Bucky watched him Loki off flowers. He wondered if that was something meant to mean something. Symbolic. Maybe it was just pruning before they died - fuck all he knew about gardening. Bucky was from 8, plantlife was half folkstory to him, for most of his life. Or maybe it was a show of an act - cutting down something Loki had obviously cared about while it was still thriving.
Bucky didn't know, and he wasn't the kind of guy who could tell anyway. But he wondered, a little, which it was.
"Yeah, you signed up for it," Bucky said. "But you hate it. And you didn't have a lot of fallbacks, sounded like." Loki wasn't blameless. But neither were any other Victors who'd come through alive ... well, Steve. But they'd all done terrible things to survive. Even Steve's hands weren't all the way clean anymore - he'd helped kick off the demonstration in 8 that led to someone dead. Bucky didn't blame him, but Steve blamed himself.
Bucky wasn't stupid. He'd learned enough of nuance and careful Capitol doublespeak and edging-around a topic to get by when he had to. But it wasn't where he was gifted, and it wasn't going to get him anywhere today anyway. He wasn't going to bring in anyone else's name, not now, so the worst thing that could happen was Loki turned on him. And aside from wanting to do the things people were counting on him for, Bucky didn't really have a lot of concern for what happened to him.
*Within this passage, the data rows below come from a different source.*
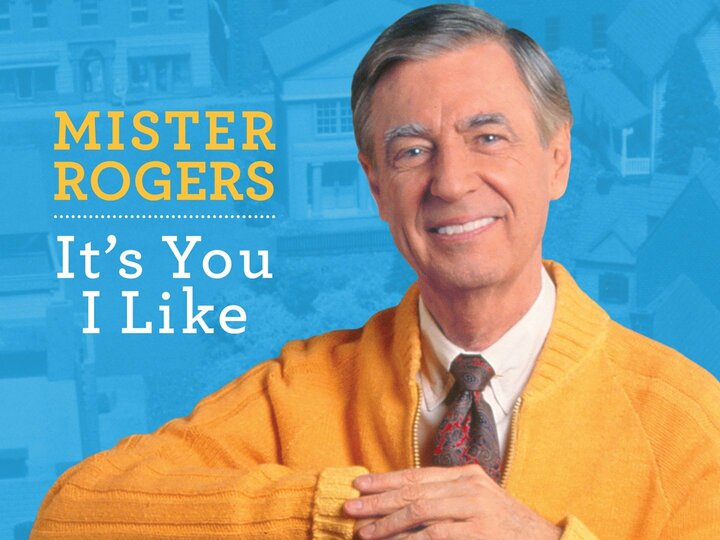 Mister Rogers: It's You I Like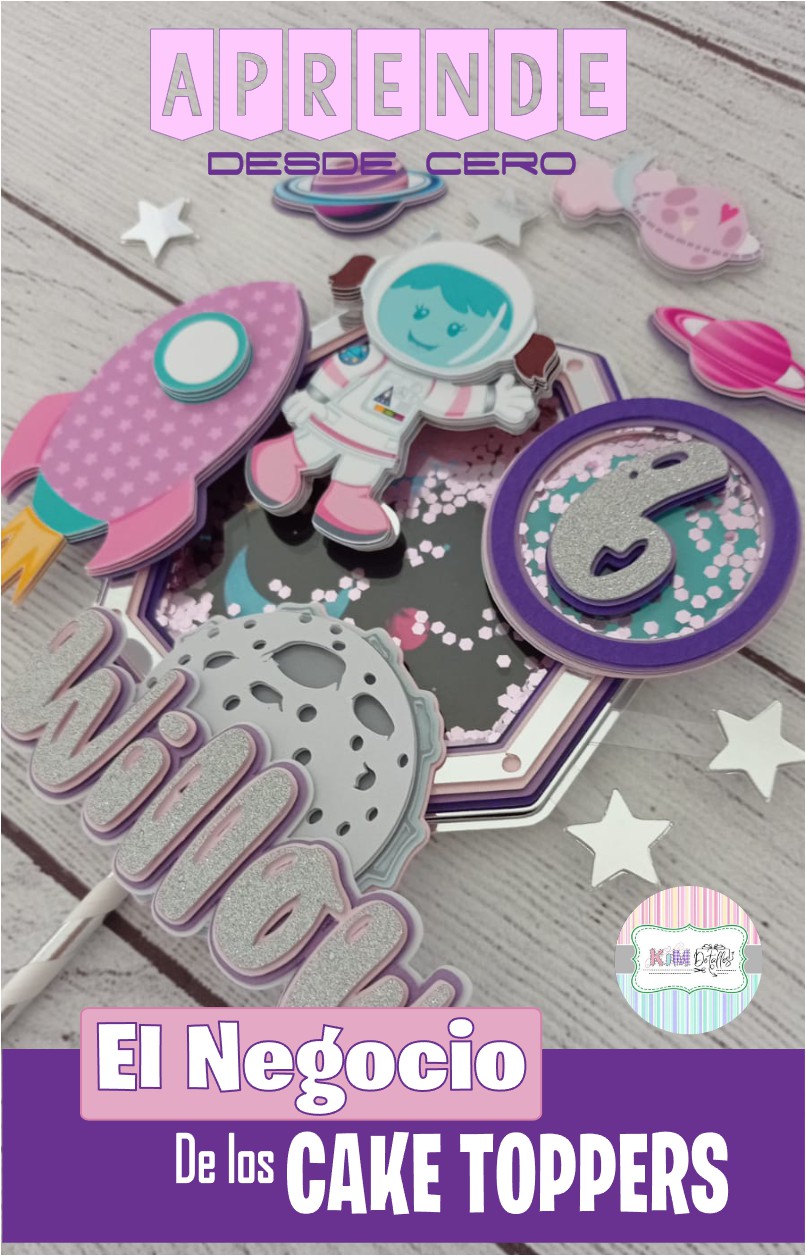 EL NEGOCIO DE LOS CAKE TOPPERS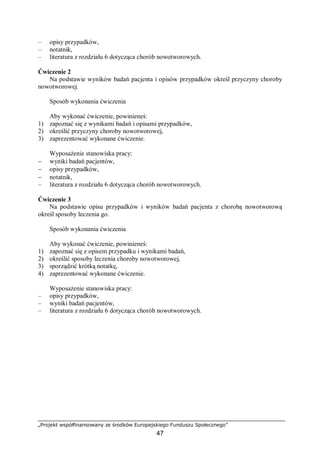„Projekt współfinansowany ze środków Europejskiego Funduszu Społecznego”
47
– opisy przypadków,
– notatnik,
– literatura z rozdziału 6 dotycząca chorób nowotworowych.
Ćwiczenie 2
Na podstawie wyników badań pacjenta i opisów przypadków określ przyczyny choroby
nowotworowej.
Sposób wykonania ćwiczenia
Aby wykonać ćwiczenie, powinieneś:
1) zapoznać się z wynikami badań i opisami przypadków,
2) określić przyczyny choroby nowotworowej,
3) zaprezentować wykonane ćwiczenie.
Wyposażenie stanowiska pracy:
− wyniki badań pacjentów,
− opisy przypadków,
− notatnik,
– literatura z rozdziału 6 dotycząca chorób nowotworowych.
Ćwiczenie 3
Na podstawie opisu przypadków i wyników badań pacjenta z chorobą nowotworową
określ sposoby leczenia go.
Sposób wykonania ćwiczenia
Aby wykonać ćwiczenie, powinieneś:
1) zapoznać się z opisem przypadku i wynikami badań,
2) określić sposoby leczenia choroby nowotworowej,
3) sporządzić krótką notatkę,
4) zaprezentować wykonane ćwiczenie.
Wyposażenie stanowiska pracy:
– opisy przypadków,
– wyniki badań pacjentów,
– literatura z rozdziału 6 dotycząca chorób nowotworowych.
 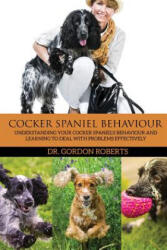 Cocker Spaniel Behaviour: Understanding Your Cocker Spaniel's Behaviour and Learning to Deal with Problems Effectively - Gordon Roberts Bvsc Mrcvs (2015)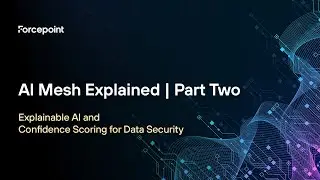 AI Mesh Explained (Part 2) | Explainable AI & Confidence Scoring for Data Security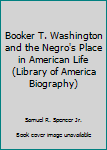 Paperback Booker T. Washington and the Negro's Place in American Life (Library of America Biography) Book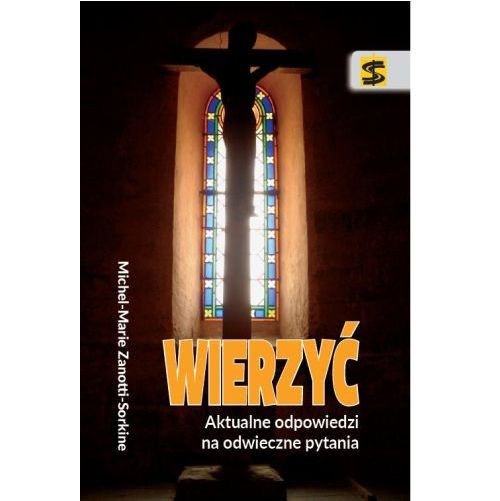 Wierzyć - aktualne odpowiedzi na odwieczne pytania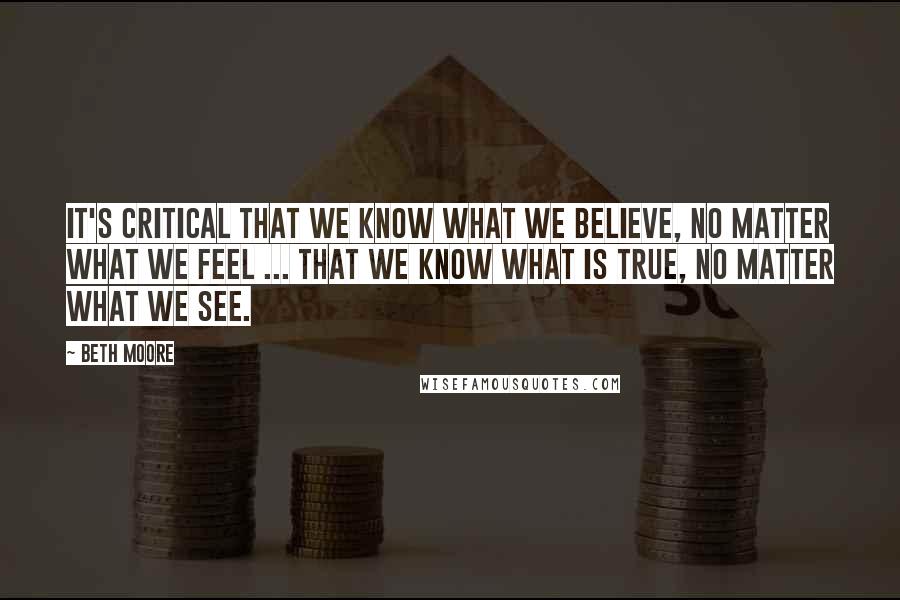 Beth Moore Quotes: It's critical that we know what we believe, no matter what we feel ... that we know what is true, no matter what we see.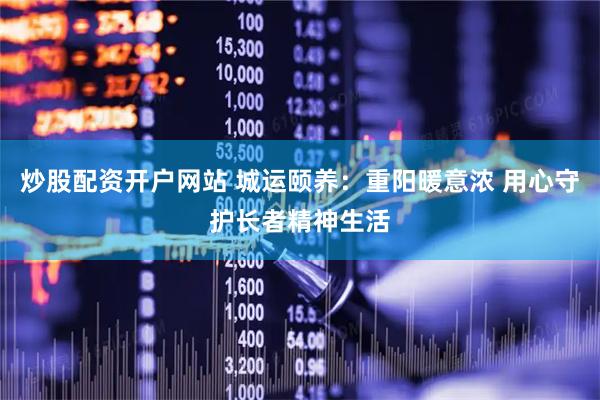 炒股配资开户网站 城运颐养：重阳暖意浓 用心守护长者精神生活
"I'm not gonna kill you," he said. "I think I kind of like you, much as I can." Or at least Bucky felt some kind of understanding for Loki, now. He took a moment, finding words that probably still were going to come out wrong. "They're sending everyone I give a damn about, just about, back in to die. And none of them are coming back out. And it'll keep happening. They took your mom, this time. Maybe in a few years they'll have had Thor knock up someone and it'll be your niece or nephew. They're killing off most of their crop - they'll have to invest in building up the next set of stories with who's left, right?" Bucky stopped, breathing in and letting it out slowly. "Even the people who played by the rules lost. So what's the point of still playing? You're going to lose anyway. We all are. I want to try to make it stop, even if it don't work, at least there was something. I thought you might, too, because you're facing down decades of the same bullshit, waiting for the next axe to fall. Just like the rest of us. You're ... on the other side of the game board, but you're still losing. The only ones winning are the ones who put us there to start with."